Unggahan tersebut disertai foto nota tulis tangan berisi daftar menu seperti jahe susu, kopi hitam pahit, pop mie, es kopi mix, hingga teh panas. Total pembayaran dalam nota itu mencapai Rp506 ribu.
Angka tersebut sontak memicu reaksi warganet. Banyak yang menilai harga itu tidak sebanding dengan menu yang disajikan. Sejumlah komentar bahkan menyebut tarif tersebut jauh lebih mahal dibanding warung kopi atau rumah makan di luar kawasan wisata.
“Kalau harga seperti ini terus, jangan heran kalau wisatawan ogah mampir lagi,” tulis salah satu warganet.
2. Dikhawatirkan mencederai citra wisata Sarangan

Dalam unggahannya, Agus juga menyoroti dampak jangka panjang dari praktik harga tinggi di kawasan wisata. Ia menilai wisatawan bisa merasa “kena kepruk” atau kapok dan enggan kembali berkunjung.
Ia menyinggung peran petugas berseragam biru yang kerap berjaga di kawasan Telaga Sarangan. Menurutnya, keberadaan petugas seharusnya memberi rasa aman dan nyaman bagi pengunjung, termasuk melindungi dari praktik warung yang dinilai merugikan wisatawan.
“Harusnya yang dilindungi wisatawannya, bukan malah dibiarkan,” tulisnya.
3. Bukan kali pertama mencuat

Agus menyebut warung yang sama sebelumnya juga sempat viral karena persoalan harga serupa. Namun alih-alih berbenah, persoalan tersebut kembali terulang dan kini menjadi perbincangan lebih luas di media sosial.
Unggahan itu ditutup dengan nada satir. Agus menyebut pengalaman tersebut sebagai “horor tenan”, istilah Jawa yang menggambarkan betapa tidak menyenangkannya pengalaman wisata tersebut.
Kasus ini kembali mengingatkan pentingnya pengawasan harga di kawasan wisata unggulan seperti Telaga Sarangan.

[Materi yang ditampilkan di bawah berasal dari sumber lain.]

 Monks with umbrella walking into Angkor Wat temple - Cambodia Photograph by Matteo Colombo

Jika dibiarkan, praktik semacam ini bukan hanya merugikan pengunjung, tetapi juga berpotensi mencoreng citra pariwisata Magetan.
Warganet pun berharap ada langkah tegas dari pengelola maupun pihak terkait agar Sarangan tetap dikenal karena keindahannya, bukan karena cerita nota mahal yang bikin trauma.

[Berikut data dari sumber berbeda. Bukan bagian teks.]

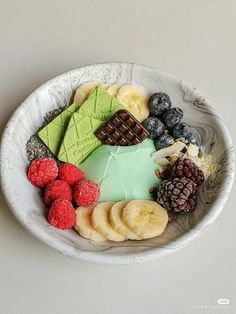 a bowl filled with assorted fruit and chocolates on top of a white table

4. Disbudpar Magetan ngaku sudah bikin surat edaran

Dinas Kebudayaan dan Pariwisata (Disbudpar) Kabupaten Magetan akhirnya angkat bicara terkait viralnya keluhan wisatawan soal dugaan praktik “getok harga” oleh sejumlah pelaku UMKM di kawasan wisata, khususnya Telaga Sarangan.
Kepala Bidang Pariwisata Disbudpar Magetan, Eka Raditya, menegaskan pihaknya sejak awal telah mengingatkan para pelaku usaha agar tidak mematok harga di luar kewajaran.
“Secara prinsip, kami sudah menyampaikan melalui surat edaran agar pelaku usaha tidak menerapkan harga yang melampaui batas kepatutan,” kata Eka, Senin (5/1/2026).
Tak hanya soal kewajaran harga, Disbudpar juga menekankan pentingnya transparansi. Pelaku usaha diminta mencantumkan daftar harga makanan dan minuman agar wisatawan mengetahui sejak awal harga yang harus dibayar.
“Tujuannya biar pengunjung tahu harga suatu barang atau jasa itu berapa. Jadi tidak ada kesan dibodohi,” ujarnya.
Menurut Eka, pihaknya juga telah menyebarkan panduan berwisata cerdas melalui media sosial, termasuk panduan membeli makanan dan minuman di kawasan wisata. Namun ia mengakui, di lapangan masih ditemukan pelaku usaha yang menetapkan harga lebih tinggi dari batas kewajaran.
“Memang harus diakui, ada beberapa yang menerapkan harga lebih tinggi. Padahal harga di tempat wisata itu wajar kalau sedikit lebih mahal dibanding tempat lain, tapi tidak boleh melampaui batas kepatutan,” tegasnya.
Untuk menindaklanjuti persoalan ini, Disbudpar Magetan akan berkoordinasi dengan paguyuban pedagang yang menaungi para pelaku UMKM. Langkah pembinaan hingga pemberian peringatan atau sanksi akan dilakukan melalui paguyuban tersebut.
“Pembinaan yang paling efektif memang lewat paguyuban. Di situ nanti bisa diberikan peringatan ataupun sanksi,” jelas Eka.
Meski demikian, Eka mengungkapkan bahwa penentuan harga di kawasan wisata memang tidak bisa diatur secara kaku seperti kebutuhan pokok.
“Ini bukan kebutuhan pokok yang bisa ditentukan batas atas dan bawahnya. Tapi ke depan akan ada kesepakatan antaranggota paguyuban untuk menetapkan harga yang wajar sesuai batas kepatutan,” pungkasnya.
Polemik harga ini diharapkan menjadi bahan evaluasi bersama agar citra wisata Magetan tetap terjaga dan wisatawan tidak kapok berkunjung kembali.